Red Thumb Container Harvest
Recently, I harvested potatoes from two large containers in my backyard. The seed for this crop, Red Thumb fingerlings, came from last year’s leftover potatoes, stored in a laundry room/pantry, which, for some reason, is the best environment in my home for long-term root vegetable storage. After placing large cardboard boxes in windowless basement cabinets, stacking boxes and sacks on pallets (for air circulation) on the main basement floor and the garage, I discovered potatoes sprout fewer eyes and maintain firm texture longer when stored on pantry shelves in newspaper-lined cardboard boxes with lids. Although I know no one who still uses a tater tunnel, I wonder how that storage compares to the pantry.
Red Thumbs ready for harvest
Red Thumb fingerlings are the earliest maturing potato varieties at Heart & Sole Gardens. After planting on March 19, 2017, the containers holding Red Thumbs produced a little over two pounds of mature tubers, while the farm’s row crop, planted a weed later, is just beginning to yield potatoes. Although other potato varieties typically bloom, indicating underground tubers are maturing, Red Thumbs do not always sport blossoms, but curling, yellow leaves and withering vines are a good indication for harvest time. After removing spent plants, I added a good dose of compost to the containers and placed more seed. Who knows, with a little luck, I may pull three harvests from the same containers before winter!
Fresh spring ingredients make delicious potato salad
If you have never tasted fingerling potatoes, freshly harvested, shop for them at your local farmer’s market. The flavor difference is as striking as comparing a home grown tomato to one purchased from the supermarket. With potatoes as fresh as these, simple preparations are best to showcase delicious flavor. Slice fingerlings lengthwise, season with salt and pepper, drizzle olive oil over and briefly roast in the oven until they are fork tender or try this salad recipe, perfect for a main vegetarian course or side dish.
And if you happen to know the location of a tater tunnel with a yawning door and leaping crickets, I double dog dare you to walk inside!
Scrub about one pound of freshly dug fingerling potatoes. Place potatoes, unpeeled, in a pot of water, seasoned with salt and pepper, and simmer until fork tender. Do not overcook.
While potatoes cook, place about 4 cups mixed salad greens in a large bowl.

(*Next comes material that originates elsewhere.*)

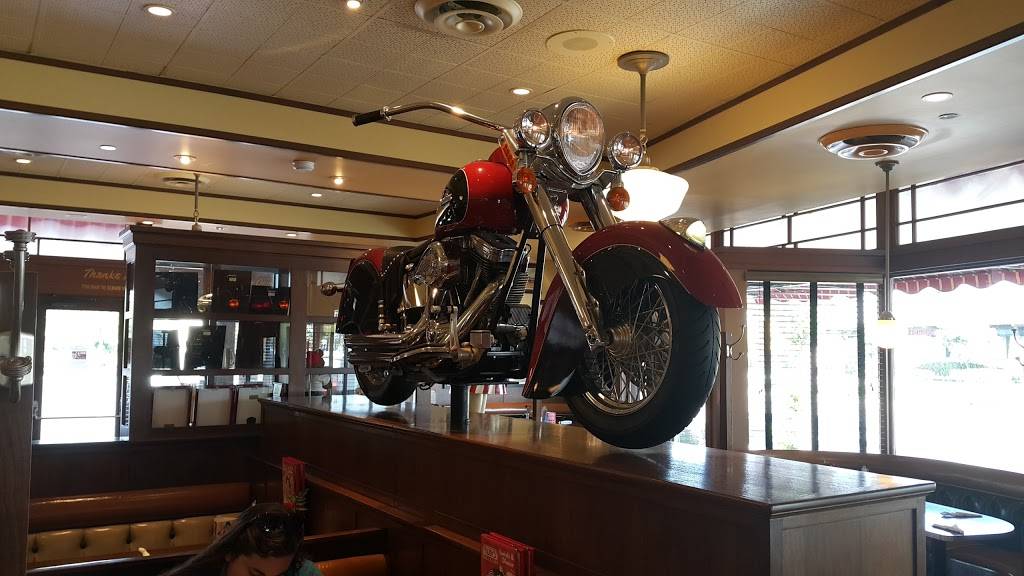 Rubys Diner | restaurant | 1128 W Lincoln Ave, Anaheim, CA 92805, USA | 7146357829 OR +1 714-635-7829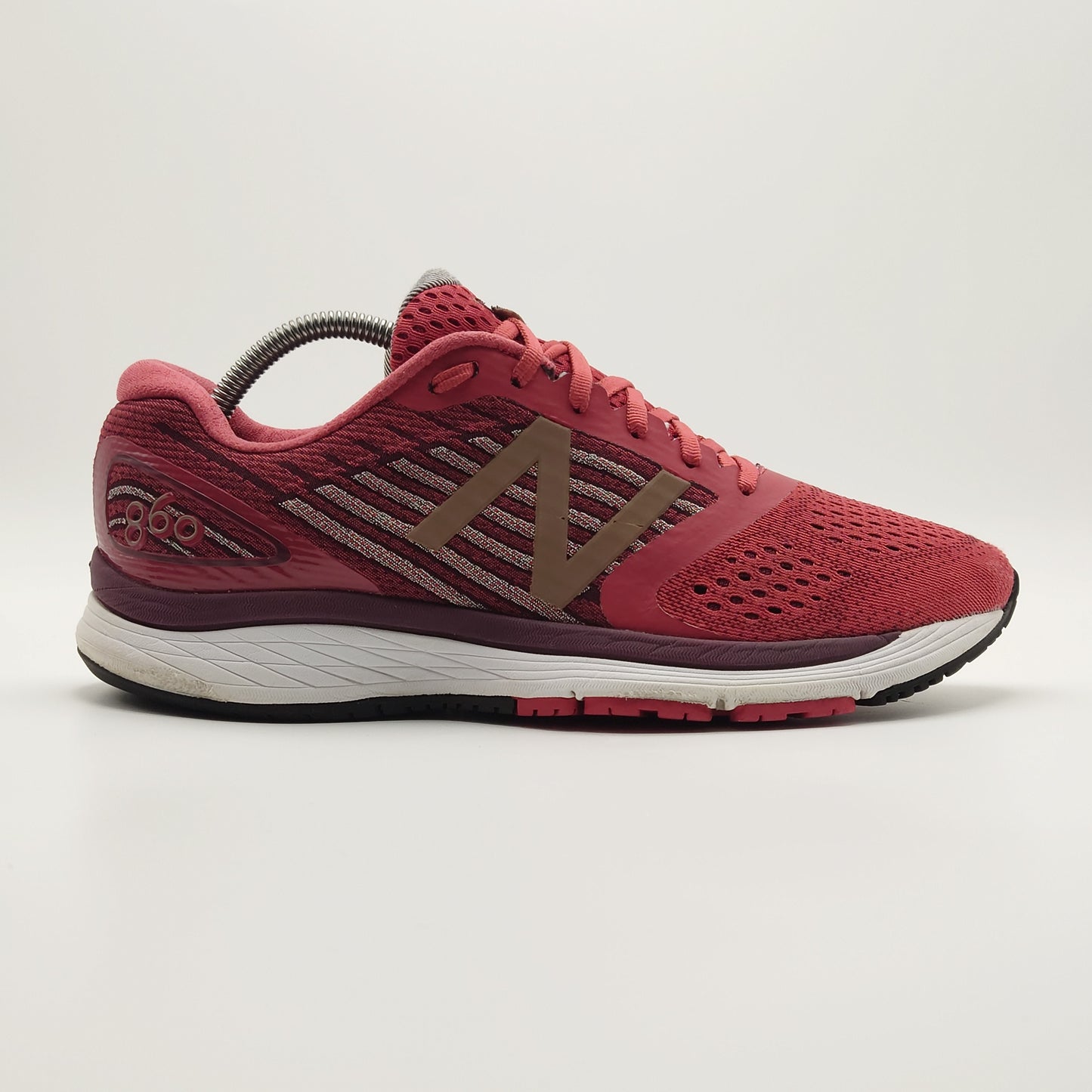 New Balance 860 v9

Add 1/2 cup sliced radishes, 1/3 cup thinly sliced spring onion tops and 1 cup fresh asparagus, sliced into 1-inch pieces.
For the vinaigrette, combine 1/3 cup olive oil, juice from ½ fresh lemon, 1 teaspoon spicy mustard, (We prefer Lusty Monk, produced in Asheville, N.C.) several dashes of your favorite hot sauce, (Dusty Foothills, produced in Durham, N.C., is perfect) and salt and pepper to taste.
Drain potatoes, slice into bite-size pieces and add to salad green mixture.
Pour vinaigrette over salad and toss to combine.
*Serves about 4 as a side and 2 for a main course.